From the videographer: Filming with Wharf Kids after Ebola

Arete
Arete Stories
Published in
4 min readMar 27, 2018

- Jessica Monson, Arete contributor

In June last year I was commissioned by Arete to make a series of films for the charity Wharf Kids in Freetown, Sierra Leone.

Wharf Kids began in mid-2015, while Brigadier Charlie Herbert was leading the international response to the Ebola epidemic. Shocked by the devastation — particularly in the impoverished wharf areas of the city — Charlie began supporting the most in need children with school fees and living costs.

Charlie hi-fives a child in Freetown

Three years later, Wharf Kids funds the education of 67 children, and provides livelihood, healthcare, housing and extra-curricular support to many families that were affected by Ebola.

The epidemic may be over, but its after-effects endure. As Ebola survivor Samuel tells me, it can cause chronic joint pain, loss of vision and impotence, while the stigma continues to make finding employment, or even housing, very difficult.

Samuel with his family

“When I came out of the treatment centre, my neighbours had persuaded my landlord to kick me out,” he says. “I spent the first few weeks living in a storage building at the school, with my four children, and three nieces and nephews who had been orphaned by Ebola.”
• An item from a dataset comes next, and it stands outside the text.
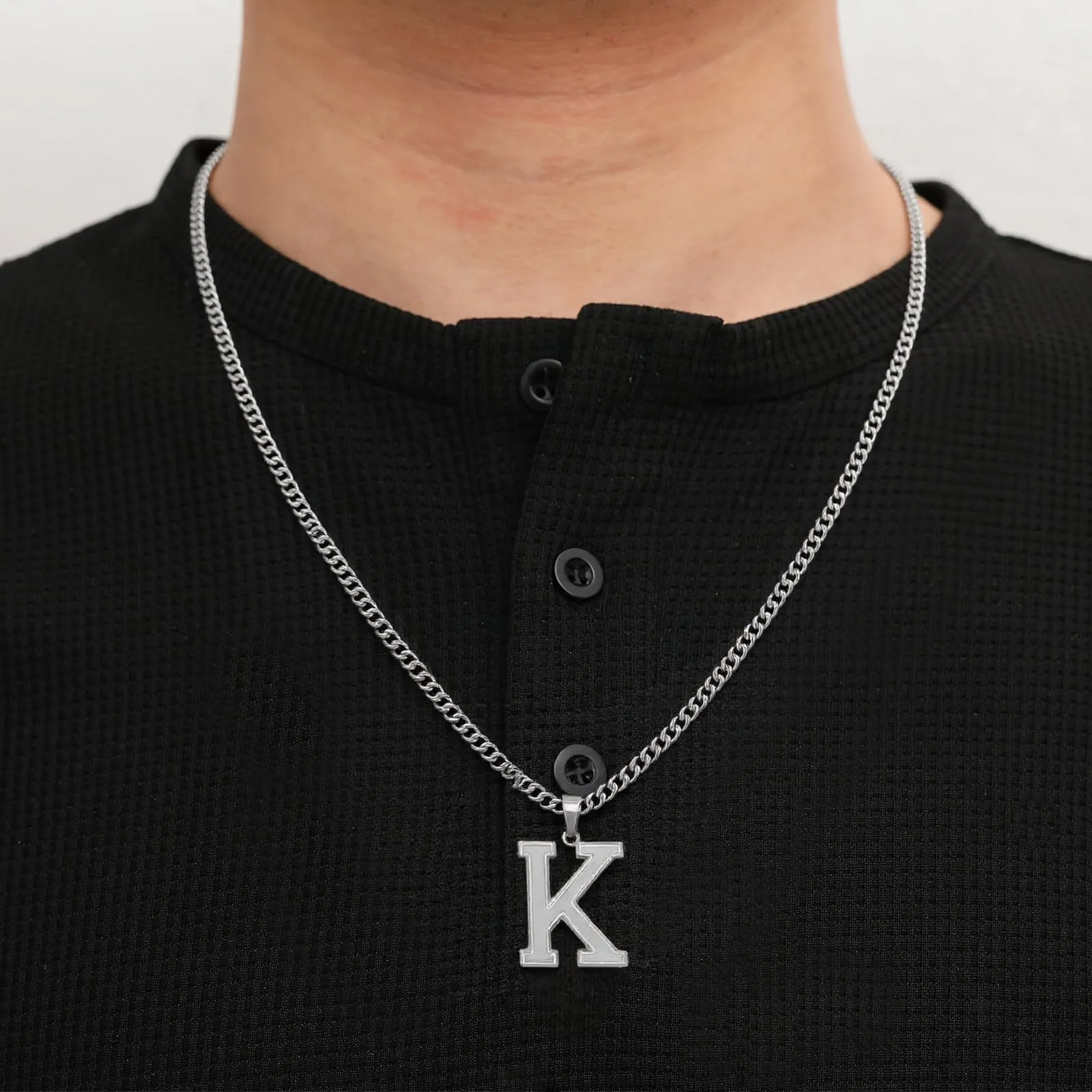 RWQIAN Collana Uomo con Lettera Ciondelli Argento Acciaio Inossidabile Iniziale Lettere T Collana Pendente 60cm Pasche Festa del Padre Anniversario Regali per Uomo Ragazzi - immagine 2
Thanks to Wharf Kids, Samuel is now in full-time employment as the charity’s in-country coordinator, and all of his children can attend school. The family will soon be moving into a newly constructed house, also funded by the charity.

Over our three-day visit, we spent most of our time at Magazine Wharf, the biggest slum in Freetown and the epicentre of Wharf Kids’ work. A higgledy-piggledy rabbit warren of corrugated iron rooves, narrow alleyways and open drains, it is not hard to imagine how Ebola spread so voraciously here.

Yet the community remains tight and more resilient than ever, though there’s sadness in the eyes of many and a gaping absence where siblings, parents, aunts and uncles once were.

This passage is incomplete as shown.